More CSS

CSS is very prone to overspecification, and though I do write CSS, I find the notion of a “class” that has a background color of black, 5 pixel margins, and blue links being distinct from a class that has a background color of black, 6 pixel margins, and blue links completely at odds with the object oriented paradigm. Yes, we can make it one class and override on each individual ID, but that’s klutzy. Surely there must be a better way.

One thing I’d love to be able to do is define my own elements, inheriting from a base element and automatically applying CSS (and adding HTML) to create customized functionality. For example, I have a list of checkboxes on HireGeeks. I should simply be able to define the tag “checklist” or something and have the browser interpret that as “a list with checkboxes and this default styling”. How would one go about introducing such a standard anyway? It’s an idea that should be adopted, but short of making my own browser, I don’t see any way of introducing it to the community.
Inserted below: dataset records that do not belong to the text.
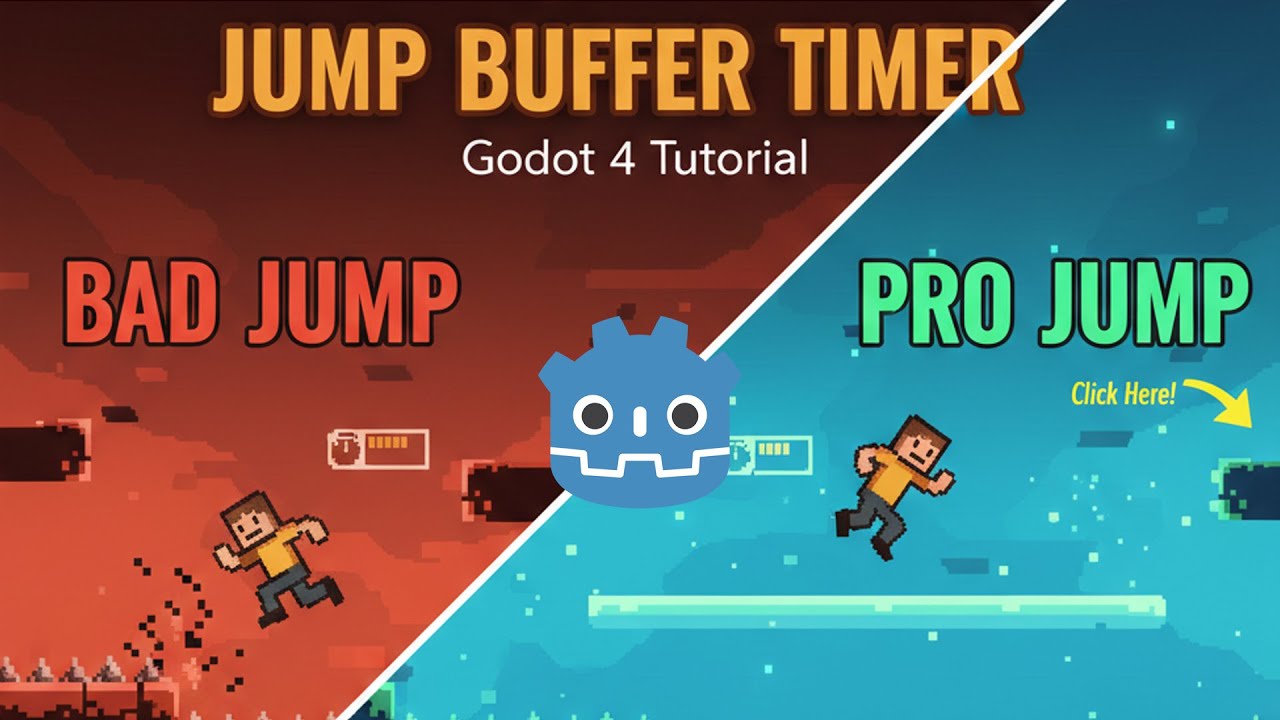 How to use Timer Nodes for Jump Buffering in Godot 4.4 | GODOT 4 | ADVANCE JUMP TUTORIAL II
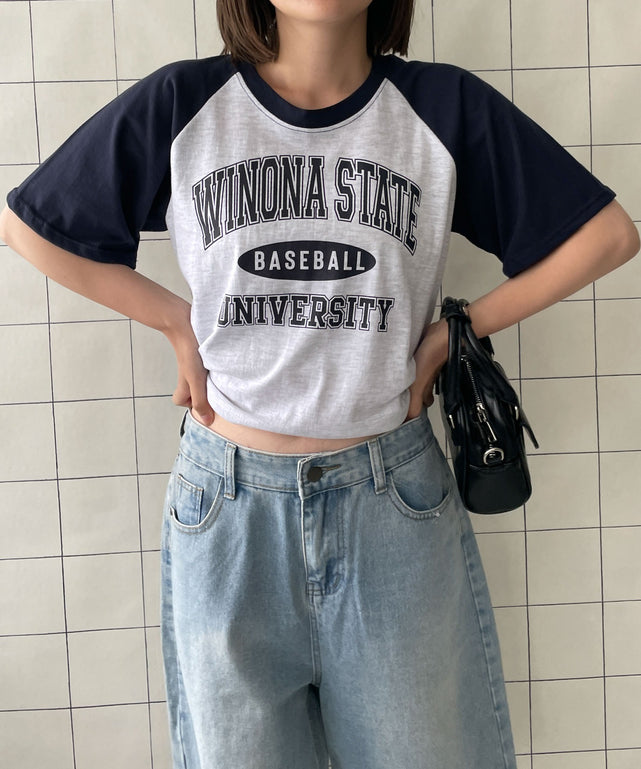 ベースボールラグランTシャツ 【一部店舗限定】/ネイビー　モデル:155cm F着用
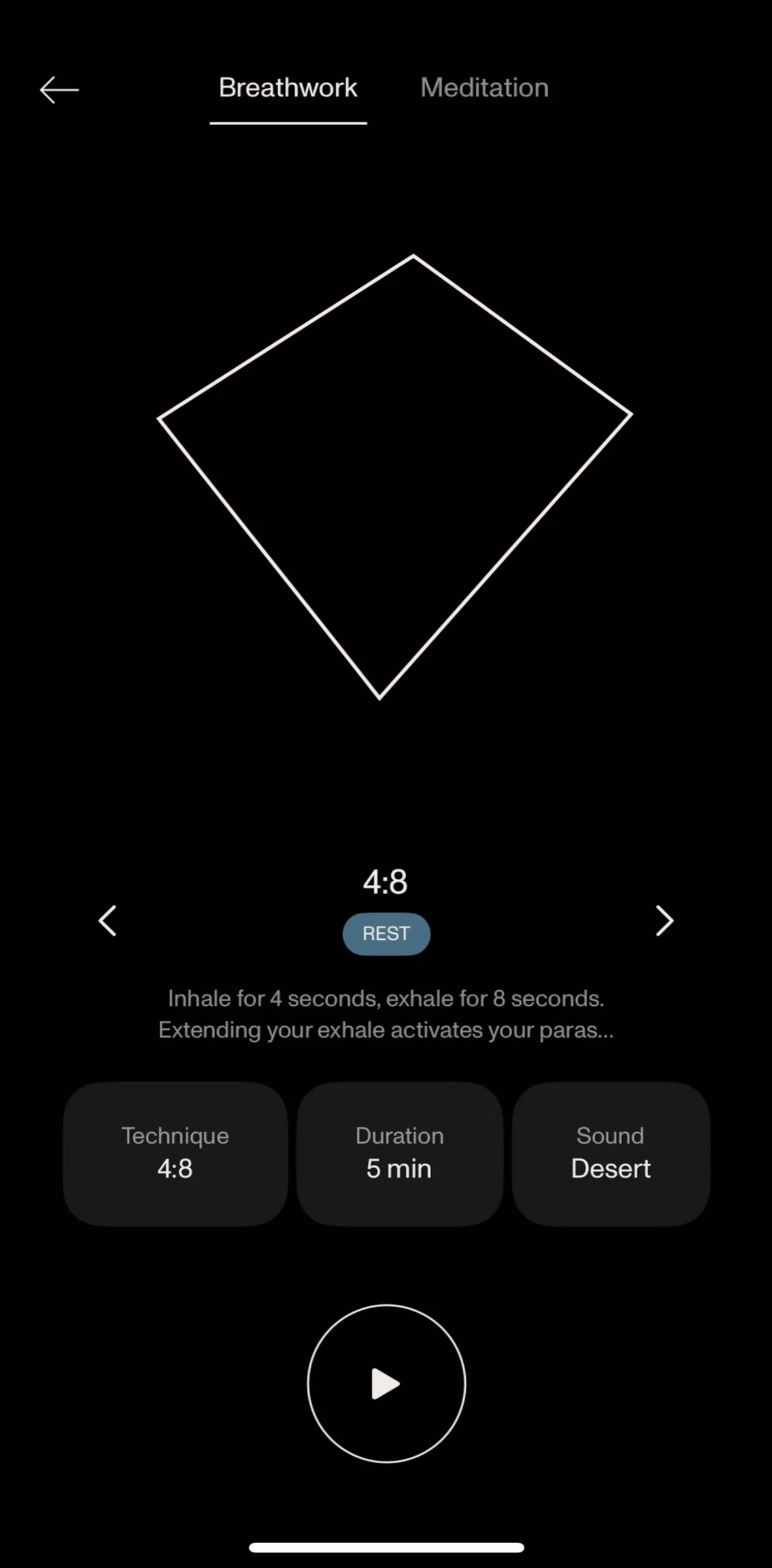 Open Screen screen in the Starting a class (breathwork) flow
It’s not as if W3C would listen (I wonder how Tim Berners-Lee would have done in such a regulated environment; probably not too well). Maybe XSLT? Or parse it on the server side?

Or does a standard exist for this already? I thought that was what XForms was supposed to be, but looking at the W3C’s page on it, I’m greeted with:

“The Forms working group is chartered by the W3C to develop the next generation of forms technology for the world wide web. The mission is to address the patterns of intricacy, dynamism, multi-modality, and device independence that have become prevalent in Web Forms Applications around the world. The technical reports of this working group have the root name XForms due to the use of XML to express the vocabulary of the forms technology developed by the working group.”

Well, uh… thanks, I guess. Wow, I can’t wait to “address the patterns of intricacy, dynamism, multi-modality and device independence!” in my web pages! So how do I use it? Is it supported by common browsers? What exactly does it do? Of course, that information is absent. Why does everyone do this? Is this the logical outcome of a society that values form so completely over function? One that mistakes sesquipedalianism (my favorite word in the English language, meaning “the attitude of using long words”) for insight?

Coupled with the mess that W3C has made of XHTML, their position as a gatekeeper of web standards, their abuse of this position by neglecting individual contributors (unless you run a business, you’re invisible to them, however good or even popular your ideas may be), and their general failure to solve common problems plaguing web developers today, I think the time has long passed where the W3C should have been dismantled, to be replaced by a community-based model (or even a grassroots one, as the web began in). Since the majority of web developers are either self-employed or belong to small firms, W3C is causing nothing less than the stagnation of web development with this attitude. Even worse, the companies that have the most influence on the panel (read: Microsoft) have a history of screwing things up (read: IE 6).